With the rise of literary modernism, writers experimented with ways in which multiple narratives might nest imperfectly within each other. A particularly ingenious example of nested narratives in a poetic context is James Merrill's 1974 poem "Lost in Translation".

Play within a play

This dramatic device was apparently first used by Thomas Kyd in The Spanish Tragedy around 1587, where it forms the spectacular resolution of the story. Kyd is also assumed to have used it in his lost Hamlet (the so-called Ur-Hamlet). In The Spanish Tragedy, Hieronimo is so convinced of the far-reaching consequences of his "revelation" that he predicts it will bring about the "fall of Babylon". In his use of the play within the play, Kyd seems to take Aristotle's idea of drama as catharsis to its apocalyptic conclusion.

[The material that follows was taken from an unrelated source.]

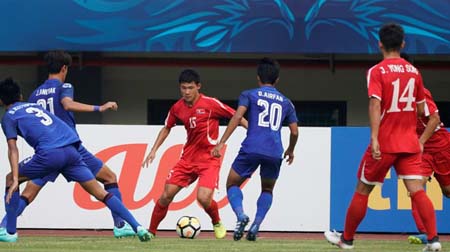 U19 CHDCND Triều Tiên không thể ngăn U19 Thái Lan giành chiến thắng.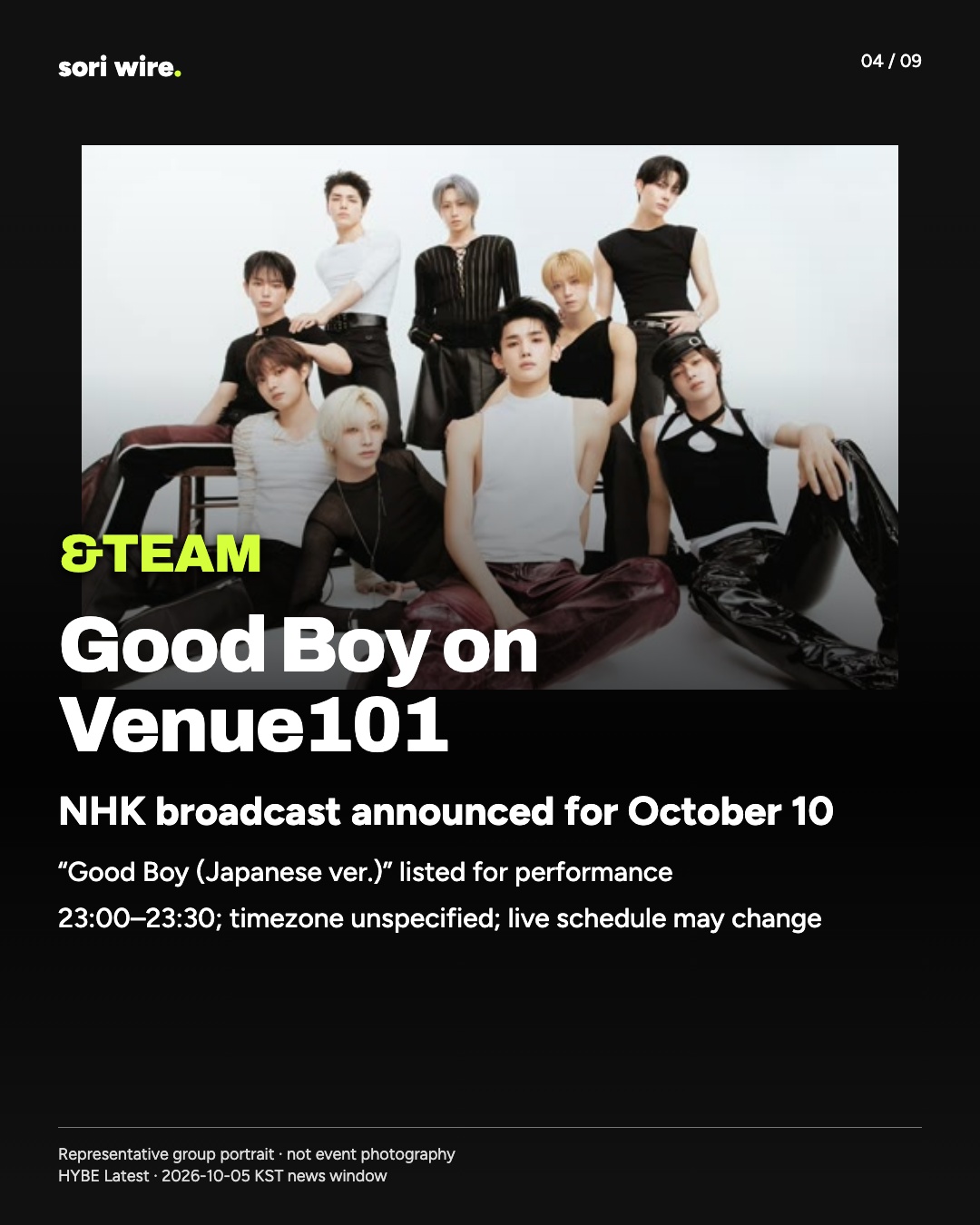 Good Boy on Venue101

William Shakespeare used this device notably in A Midsummer Night's Dream, Love's Labours Lost, and Hamlet. In Shakespeare's Hamlet the Prince of Denmark, Hamlet himself, asks some strolling players to perform the Murder of Gonzago. The action and characters in the play mirror some of the events from the play Hamlet itself, and Prince Hamlet writes additional material to emphasise this. Hamlet wishes to provoke his uncle and sums this up by saying "the play's the thing wherein I'll catch the conscience of the king." Hamlet calls this new play The Mouse-trap, a title which Agatha Christie later took for the long-running play The Mousetrap.

When characters in a play perform on stage the action of another play, often with other characters forming an "audience", the audience in the theatre sometimes loses its privileged omniscient position because it is suddenly not clear who is in the play and who is in the play within. The device, then, can also be an ironic comment on drama itself, with inversions and reversals of its basic elements: actors become authors.

Alternatively, a play might be about the production of a play, and include the performance of all or part of the play, as in Noises Off, Les feluettes or The Producers.

There are also several plays about the background of the theatre including A Chorus Line and Kiss Me, Kate.

Story within a story within a story

Occasionally a story may include within itself a story within a story. This is almost never done of its own accord (though it does happen, as exemplified below), but usually in some other context.

For example, plays such as I Hate Hamlet or movies such as A Midwinter's Tale are about a production of Hamlet, which in turn includes a production of The Murder of Gonzago (or The Mouse-trap), so we have a story (The Murder of Gozago) within a story (Hamlet) within a story (A Midwinter's Tale). (For some, this example does not count as metametafiction, as the play Hamlet exists in full in the real world; however, it is one of the most familiar illustrations of the phenomenon.)

The Manuscript Found in Saragossa is a book where the technique has been applied.

Margaret Atwood's novel The Blind Assassin also uses this technique. The novel's expository narration is interspersed with excerpts from a novel written by one of the main characters; the novel-within-a-novel itself contains a science fiction story written by one of that novel's characters.

Stanisław Lem's Tale of the Three Storytelling Machines of King Genius from The Cyberiad has several levels of storytelling. An interesting point is that all story levels tell stories of the same person, Trurl.